Hamed, Safei-Eldin
Posted Jan 9, 2005

Safei-Eldin Hamed is a scholar of environmental planning and management and a consultant of international development who practices in North America and the Middle East. He is a faculty member at the Department of Landscape Architecture at Texas Tech University and the training coordinator for the International Center for Arid and Semi-Arid Land Studies in Lubbock, Texas. He holds a Ph.D. in Environmental Planning from Virginia Tech, a Master of Landscape Architecture from the University of Georgia, and a Bachelor of Architecture from Cairo University. Hamed has taught at the University of Guelph and The University of Nova Scotia in Canada; King Faisal University in Saudi Arabia; and the University of Georgia, Virginia Tech, and the University of Maryland in the United States. He has served as a consultant for several organizations including: the Aspen Institute for Humanistic Studies, the Smithsonian Institute, the Arab Development Institute, Parks Canada, the United States Fish and Wildlife Service, the United States Information Agency (USIA), the United States Agency for International Development (USAID), the Aga Khan Award for Architecture, and the Egyptian Ministry of Tourism.
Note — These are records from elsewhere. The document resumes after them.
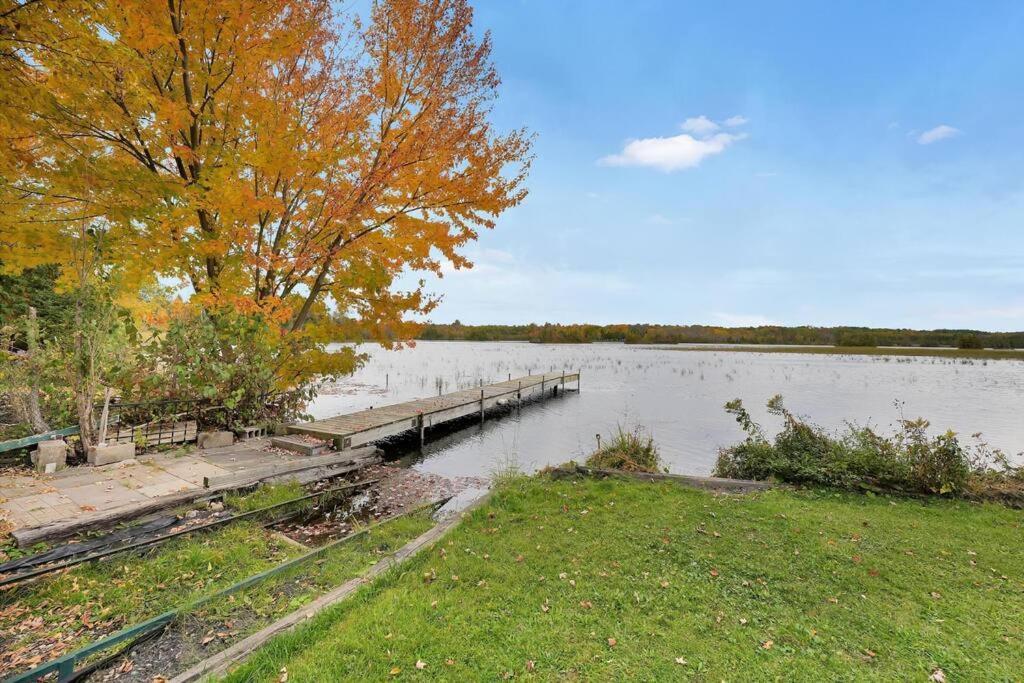 Rustic Cottage On Canal Lake Carden Екстер'єр фото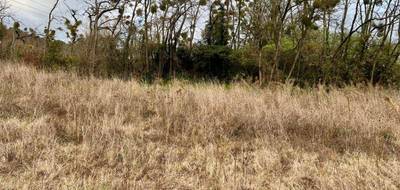 Terrain seul à Montboucher-sur-Jabron en Drôme (26) de 925 m² à vendre au prix de 189900€ - 4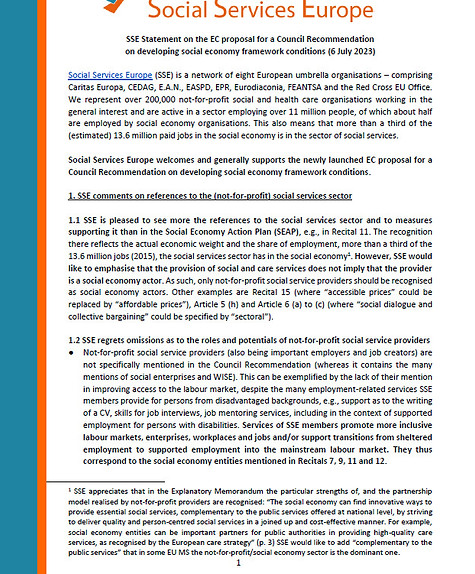 sse statement social economy framework_e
He also worked as an environmental specialist at the World Bank in Washington, DC (1994–1997). Hamed has authored or co-authored four books and more than six chapters, articles, papers, and special reports on various topics including: environmentally and socially sustainable development, environmental strategies and management of the arid lands, Islamic art and architecture, and Arab-Muslim cross cultural issues.